One of the greatest advantages a young investor has is time. Investing legend Peter Lynch, who saw average annual returns of 29% during his tenure managing Fidelity's Magellan fund from 1977 to 1990, encourages all investors to start investing young by saving money in a retirement account. The advantage of putting your money into a retirement fund, explains Lynch, is allowing the miracle of compound interest to occur without paying taxes. "Start saving early," says Lynch, "and the numbers are amazing."
If you start by investing $1,200 in the stock market every year and gain an average of 9% annually -- the stock market's historical average annual return -- your portfolio would grow to a total of $121,136 after 25 years. If you continued investing $1,200 annually and earning 9% each year for another 15 years -- adding new money to your investments for a total of 40 years -- your total portfolio would be worth $479,642.
Time is clearly on the side of younger investors. The above example demonstrates why Peter Lynch suggests you start saving and investing in a retirement account now. Starting to add funds to a Roth IRA at age 20, versus waiting until you are 30 or 35 years old, could mean a difference of hundreds of thousands (or even millions) of dollars by the time you retire.

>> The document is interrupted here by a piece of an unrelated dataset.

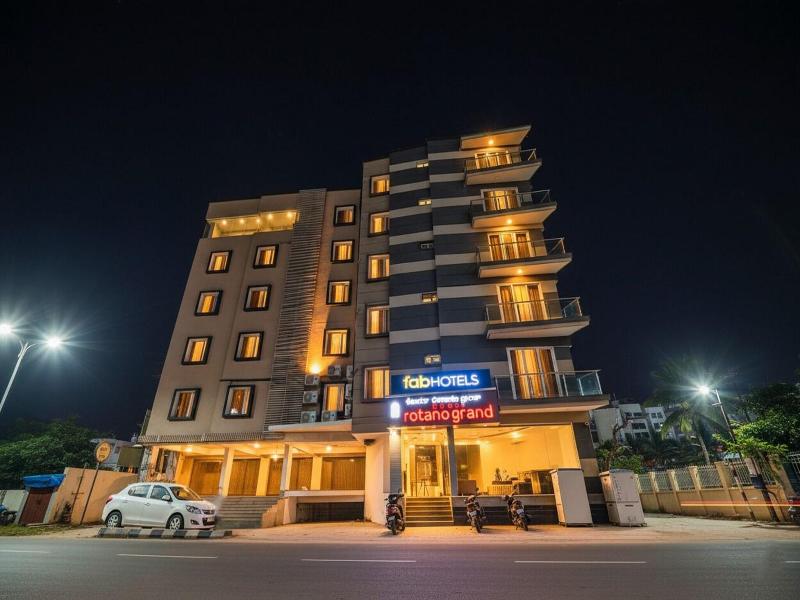 Fabhotel Rotano Grand Marathahalli image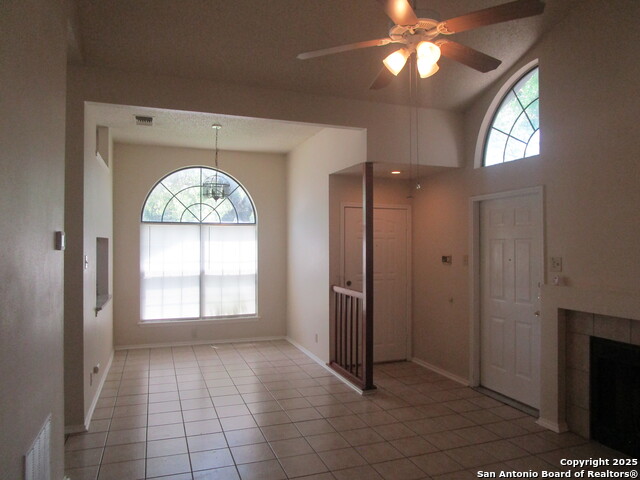 Listing photo id 2 for 6220 Les Harrison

The longer you wait to start saving for retirement, the bigger a financial hole you're digging yourself.
Invest in what you know
In addition to time, younger investors should make use of Peter Lynch's "invest in what you know" philosophy. "The worst thing you can do," contends Lynch, "is invest in companies you know nothing about."

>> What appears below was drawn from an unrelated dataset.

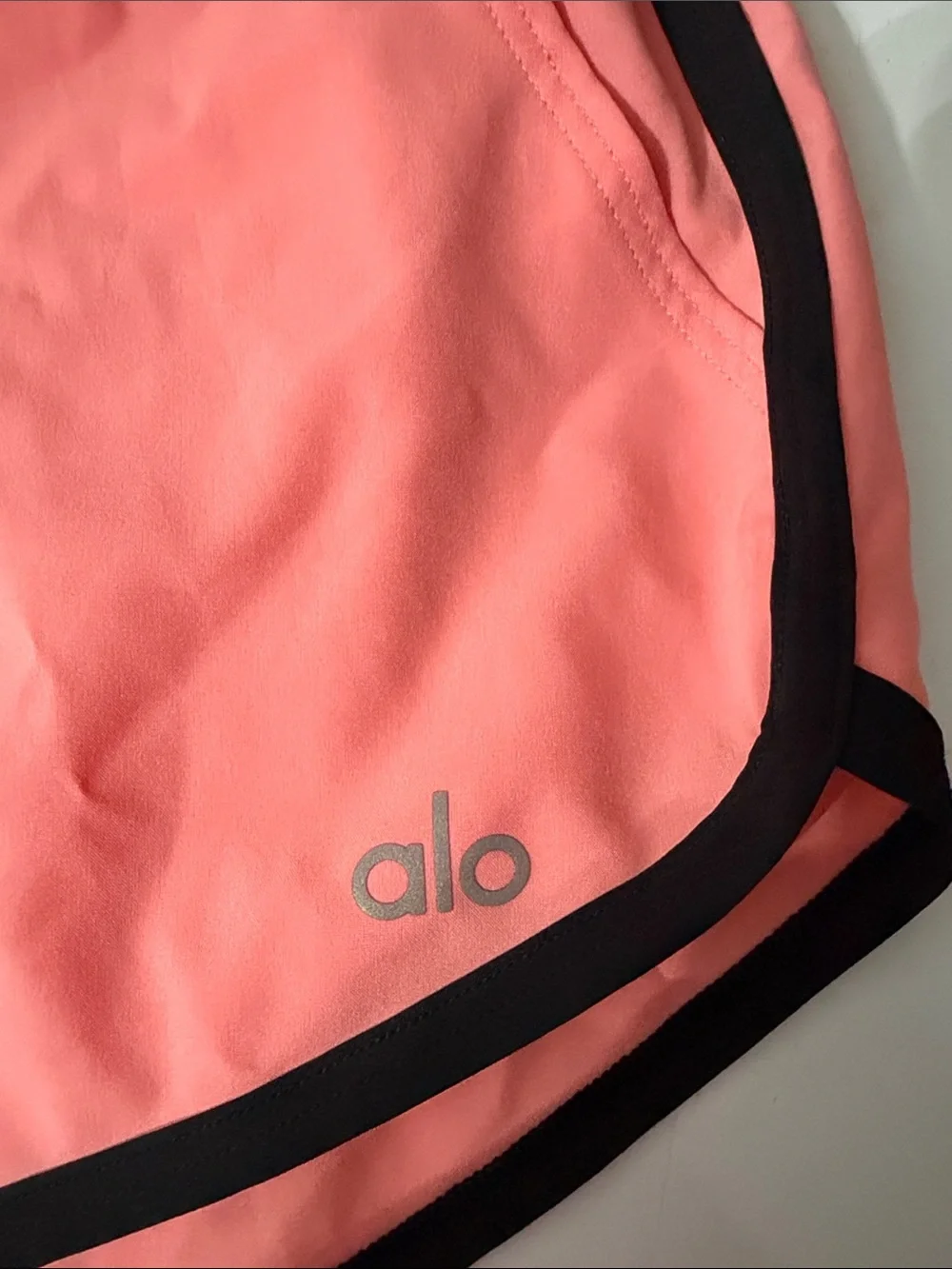 ALO Yoga alo small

The greatest investments are often right in front of us throughout our daily lives. I became a student at Berea College in 2010 and will graduate in May. Looking back on my experiences over the past four years, I now realize how many great investments were right in front of me all along. Let me explain.
When I first came to Berea in August 2010, I signed up for Amazon.com's (NASDAQ:AMZN) Amazon Student service. This service gives students the opportunity to receive free two-day shipping on a wide variety of products for dorm rooms, classes, and other college essentials. Jeff Bezos' innovative leadership has helped Amazon expand sales at an average annual rate of 21.46% since 2010 to $74.5 billion in 2013. Amazon's operating cash-flow production increased at an average pace of 11.9% annually since 2010, giving Bezos and company the firepower to continue Amazon's innovative streak.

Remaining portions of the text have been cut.